Ethiopia Table of Contents

Ethiopia was under-urbanized, even by African standards. In the late 1980s, only about 11 percent of the population lived in urban areas of at least 2,000 residents. There were hundreds of communities with 2,000 to 5,000 people, but these were primarily extensions of rural villages without urban or administrative functions. Thus, the level of urbanization would be even lower if one used strict urban structural criteria. Ethiopia's relative lack of urbanization is the result of the country's history of agricultural self-sufficiency, which has reinforced rural peasant life. The slow pace of urban development continued until the 1935 Italian invasion. Urban growth was fairly rapid during and after the Italian occupation of 1936-41. Urbanization accelerated during the 1960s, when the average annual growth rate was about 6.3 percent. Urban growth was especially evident in the northern half of Ethiopia, where most of the major towns are located.

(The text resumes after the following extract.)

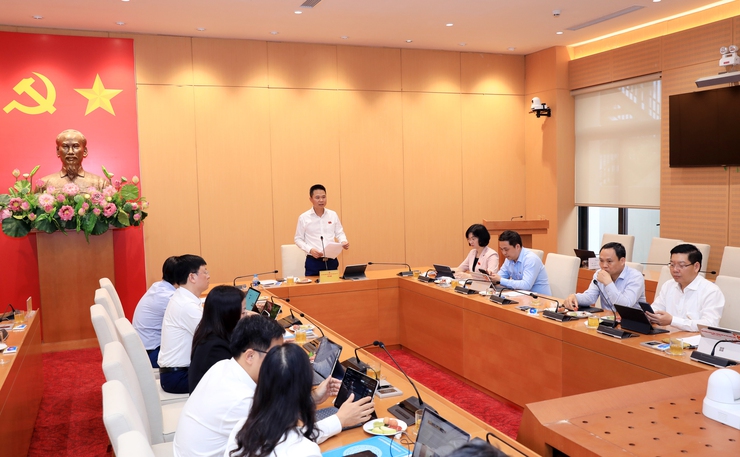 Nhiều góp ý hoàn thiện các nghị quyết triển khai Luật Thủ đô trong lĩnh vực khoa học công nghệ, môi trường, đô thị và pháp chế- Ảnh 1.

Addis Ababa was home to about 35 percent of the country's urban population in 1987. Another 7 percent resided in Asmera, the second largest city. Major industrial, commercial, governmental, educational, health, and cultural institutions were located in these two cities, which together were home to about 2 million people, or one out of twenty-five Ethiopians. Nevertheless, many small towns had emerged as well. In 1970 there were 171 towns with populations of 2,000 to 20,000; this total had grown to 229 by 1980.

The period 1967-75 saw rapid growth of relatively new urban centers. The population of six towns--Akaki, Arba Minch, Awasa, Bahir Dar, Jijiga, and Shashemene--more than tripled, and that of eight others more than doubled. Awasa, Arba Minch, Metu, and Goba were newly designated capitals of administrative regions and important agricultural centers. Awasa, capital of Sidamo, had a lakeshore site and convenient location on the Addis Ababa-Nairobi highway. Bahir Dar was a newly planned city on Lake Tana and the site of several industries and a polytechnic institute. Akaki and Aseb were growing into important industrial towns, while Jijiga and Shashemene had become communications and service centers.

Urban centers that experienced moderate growth tended to be more established towns, such as Addis Ababa, Dire Dawa, and Debre Zeyit. A few old provincial capitals, such as Gonder, also experienced moderate growth, but others, such as Harer, Dese, Debre Markos, and Jima, had slow growth rates because of competition from larger cities. By the 1990s, Harer was being overshadowed by Dire Dawa, Dese by Kembolcha, and Debre Markos by Bahir Dar.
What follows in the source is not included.